Derrière les lourdes portes grises, la grosse clé ouvre sur un autre monde. Au
coeur de la cité, la prison de Pont-l'Évêque est totalement restée dans son jus, telle qu'elle fonctionna de 1823 à 1953. Drôle d'atmosphère... Quatre cellules, des pièces symétriques d'environ
25 m2 avec fenêtres grillagées, deux pour les hommes, deux pour les femmes, le bureau des avocats, le parloir, les couloirs, les escaliers métalliques, la chapelle aux murs
défraîchis, le logement du gardien-chef et sa pompe à eau... Comme un décor de cinéma grandeur nature à l'intérieur de ce bâtiment en briques rouges, à l'architecture néoclassique du début
XIXe. « On dirait que les prisonniers viennent juste de sortir. Un tel édifice carcéral que l'on peut visiter, cela se compte sur les doigts
d'une seule main ! », sourit Pierre Sécheret, adjoint au maire de
Pont-l'Évêque, en charge de la culture.
« Combien étaient-ils de prisonniers à vivre ici ? », demande une dame. « En consultant les livres d'écrou, nous arrivons à une moyenne de quatorze détenus au début
pour passer à une centaine en 1897. Les hommes couchaient trois par trois sur des galetas. » La surpopulation carcérale ne
date pas d'aujourd'hui. Trousseau de clés en main, Gaétanne Barbenchon, guide, poursuit la visite commentée. Un engouement, ces visites. Propriétaire de l'établissement depuis 2005, la mairie
l'ouvre au public tous les jours en été, les samedis et chaque dimanche du patrimoine. « On fonctionne sur réservations, mais c'est souvent
complet ! », tempère Gaëtanne.
« C'est écrit ' La joyeuse prison ' sur le panneau indicateur du parking. Pourquoi donc ? », interroge un touriste intrigué. Éclats de rire. Une histoire dans l'histoire qui fit couler beaucoup d'encre dans les années 1950. L'incroyable gestion
du gardien-chef pontépiscopien régale alors les gazettes, intéresse les cinéastes. André Berthomieu en tire un film en 1956. Il devait s'appeler À la bonne
franquette. Le titre retenu est tout bonnement La Joyeuse Prison. Darry Cowl joue l'avocat, c'est l'un des premiers rôles. Michel
Simon incarne le personnage clé de cette histoire vraie.
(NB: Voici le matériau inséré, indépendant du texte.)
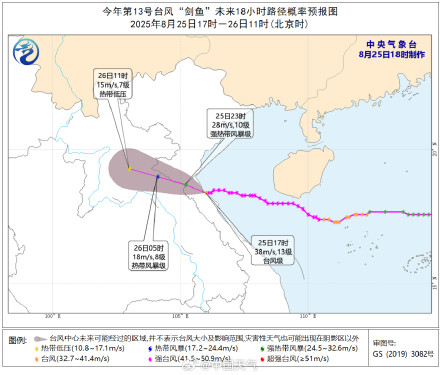 第13号台风剑鱼最新路径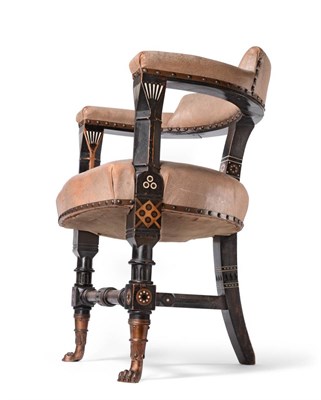 Lot 635 - An Aesthetic Movement Ivory Inlaid Ebonised Horseshoe-Backed Chair, circa 1880, with front...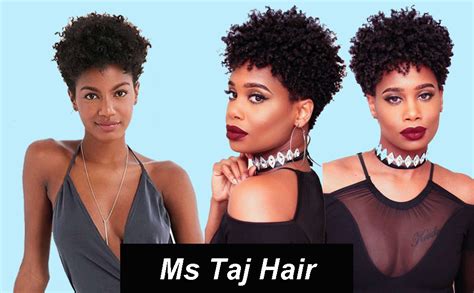 Ms Taj Short Afro Kinky Curly Human Hair Wigs For Black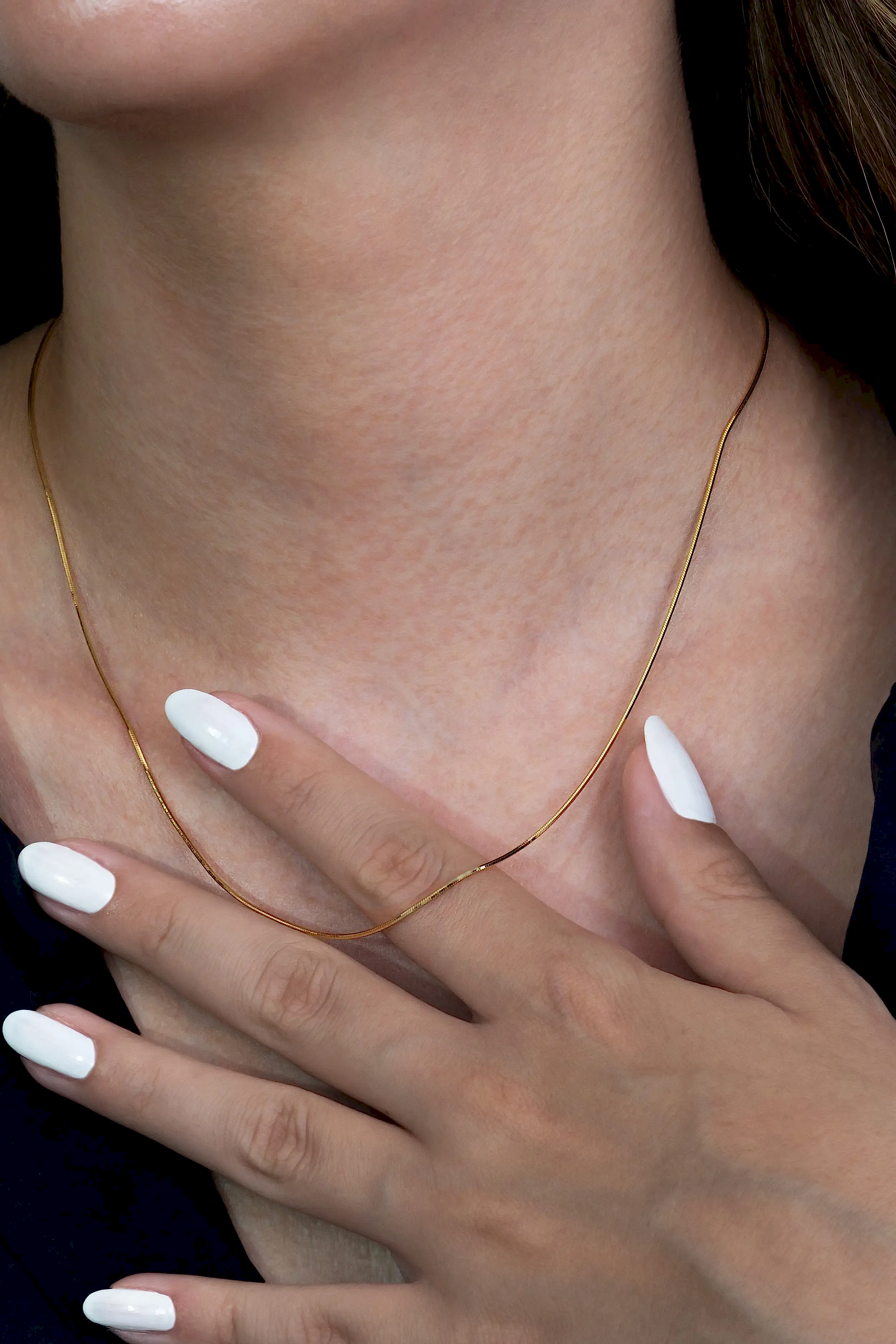 İnce Yılan Snake Unisex Gümüş Kolye Zincir Chain 50cm 2,5gr msn20 - Sarı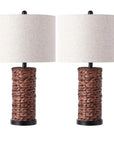 Set of Two 25" Black Table Lamps With Drum Shades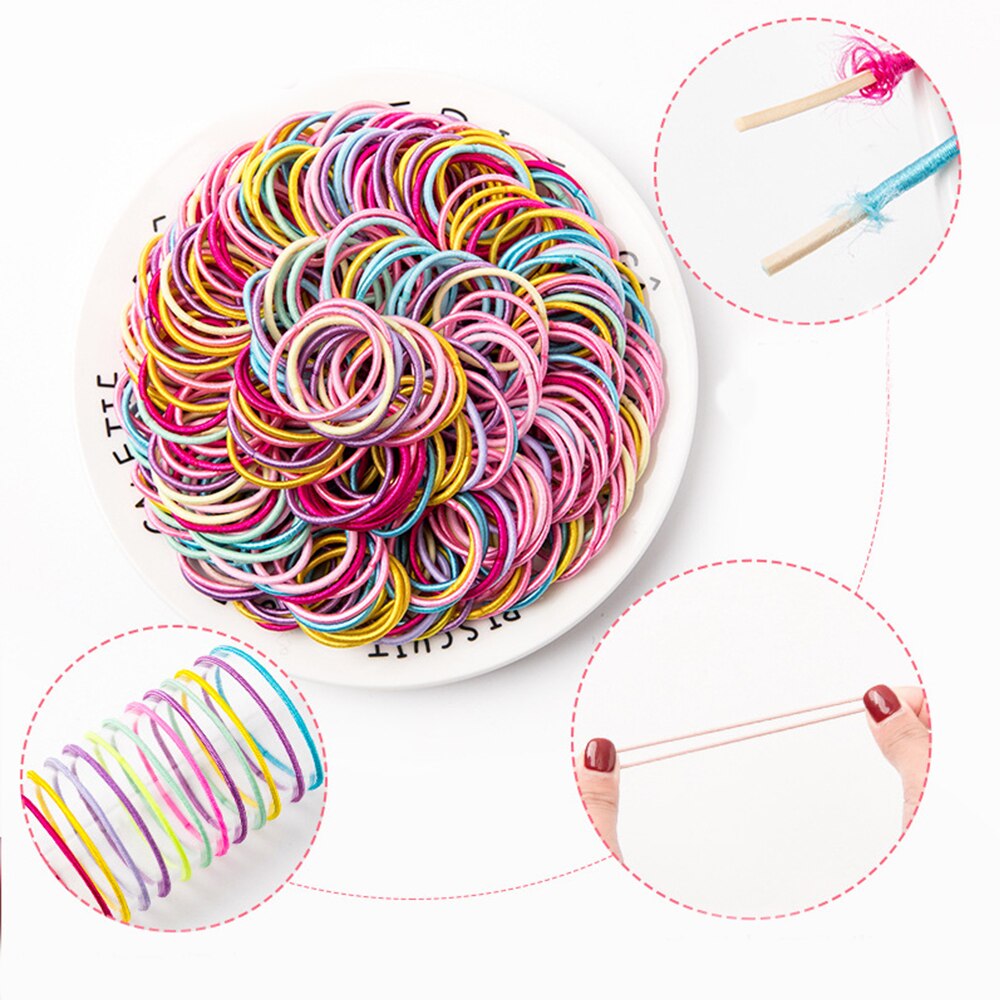 100-500 Stks/pak Meisjes Kleurrijke Elastische Rubber Band Kinderen Hair Gum Leuke Haarband Voor Baby Meisje Paardenstaart Houder haar Accessoire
Fernand Billa, alors gardien-chef de la prison de Pont-l'Évêque, applique le principe du « préjugé favorable » à tout nouveau pensionnaire. Grand précurseur de la libération
conditionnelle, Billa préfère se faire aimer que de se faire craindre. La maison d'arrêt se transforme en une pension folklorique. Les détenus utilisent librement le téléphone, tiennent les
comptes, reçoivent épouses et petites amies « à domicile », s'offrent gueuletons et permissions de jour comme de nuit, s'autodélivrent des certificats de bonne moralité. Chaque matin,
l'un d'eux va prendre son petit crème au comptoir du café d'en face. Un autre va même jusqu'à réparer les alarmes de la prison et refaire l'électricité de la gendarmerie voisine ! Un énorme
scandale judiciaire que jugera la cour d'assises du Calvados durant l'automne 1955. « Un des grands moments de la vie judiciaire
française », se souvient Jacques Lebailly, alors jeune journaliste à Ouest-France.
Dans le box des accusés, sept détenus et pas des enfants de
choeur ! Parmi eux, René La Canne - René Girier de son vrai nom - star du braquage haut de gamme, champion homologué de l'évasion, dix-sept fois en huit ans. On lui doit, entre autres, un
vol de 65 millions de francs chez le bijoutier Van Cleef ou le casse du coffre-fort du président du conseil Édouard Daladier. Appréhendé après le cambriolage d'une bijouterie deauvillaise,
il est incarcéré en mars 1949 à la prison de Pont-l'Évêque. Et se lie d'amitié avec le gardien-chef... avant de s'évader en escaladant facilement le mur d'enceinte. « Aux assises du Calvados, poursuit Jacques Lebailly, l'affaire se
termina par... un acquittement général sous les applaudissements du public. Selon l'avocat général, si l'on peut admettre que le désir des prisonniers est de prendre le large, c'est à
l'Administration de savoir s'y opposer ! » Retiré dans la région de Reims, René La Canne, décédé en janvier 2000, tiendra un
commerce de jeux électroniques où « il embauchera des jeunes à problèmes ». Quant au gardien, il fut révoqué « pour négligence dans le service ».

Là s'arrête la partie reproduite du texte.